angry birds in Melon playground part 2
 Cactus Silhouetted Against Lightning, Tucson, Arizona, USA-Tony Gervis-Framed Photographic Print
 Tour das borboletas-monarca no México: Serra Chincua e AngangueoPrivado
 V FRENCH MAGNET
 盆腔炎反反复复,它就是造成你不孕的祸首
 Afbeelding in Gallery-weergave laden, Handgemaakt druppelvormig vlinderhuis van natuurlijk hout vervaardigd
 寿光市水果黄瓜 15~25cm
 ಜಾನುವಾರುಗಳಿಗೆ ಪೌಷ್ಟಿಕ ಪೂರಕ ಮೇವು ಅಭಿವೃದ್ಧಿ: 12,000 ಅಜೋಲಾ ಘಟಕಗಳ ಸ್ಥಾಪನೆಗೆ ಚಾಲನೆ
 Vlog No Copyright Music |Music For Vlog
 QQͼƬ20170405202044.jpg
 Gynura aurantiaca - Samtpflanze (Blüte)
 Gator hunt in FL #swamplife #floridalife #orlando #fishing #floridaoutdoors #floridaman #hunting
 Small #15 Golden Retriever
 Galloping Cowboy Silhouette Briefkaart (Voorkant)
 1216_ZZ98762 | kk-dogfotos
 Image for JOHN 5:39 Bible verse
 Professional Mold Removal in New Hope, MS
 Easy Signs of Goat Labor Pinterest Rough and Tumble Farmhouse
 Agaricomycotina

TASK BRIEF => Retype the records above exactly, from their first line through the line that contains "1216_ZZ98762 | kk-dogfotos", and stop there.

COMPLETED EXERCISE =>
angry birds in Melon playground part 2
 Cactus Silhouetted Against Lightning, Tucson, Arizona, USA-Tony Gervis-Framed Photographic Print
 Tour das borboletas-monarca no México: Serra Chincua e AngangueoPrivado
 V FRENCH MAGNET
 盆腔炎反反复复,它就是造成你不孕的祸首
 Afbeelding in Gallery-weergave laden, Handgemaakt druppelvormig vlinderhuis van natuurlijk hout vervaardigd
 寿光市水果黄瓜 15~25cm
 ಜಾನುವಾರುಗಳಿಗೆ ಪೌಷ್ಟಿಕ ಪೂರಕ ಮೇವು ಅಭಿವೃದ್ಧಿ: 12,000 ಅಜೋಲಾ ಘಟಕಗಳ ಸ್ಥಾಪನೆಗೆ ಚಾಲನೆ
 Vlog No Copyright Music |Music For Vlog
 QQͼƬ20170405202044.jpg
 Gynura aurantiaca - Samtpflanze (Blüte)
 Gator hunt in FL #swamplife #floridalife #orlando #fishing #floridaoutdoors #floridaman #hunting
 Small #15 Golden Retriever
 Galloping Cowboy Silhouette Briefkaart (Voorkant)
 1216_ZZ98762 | kk-dogfotos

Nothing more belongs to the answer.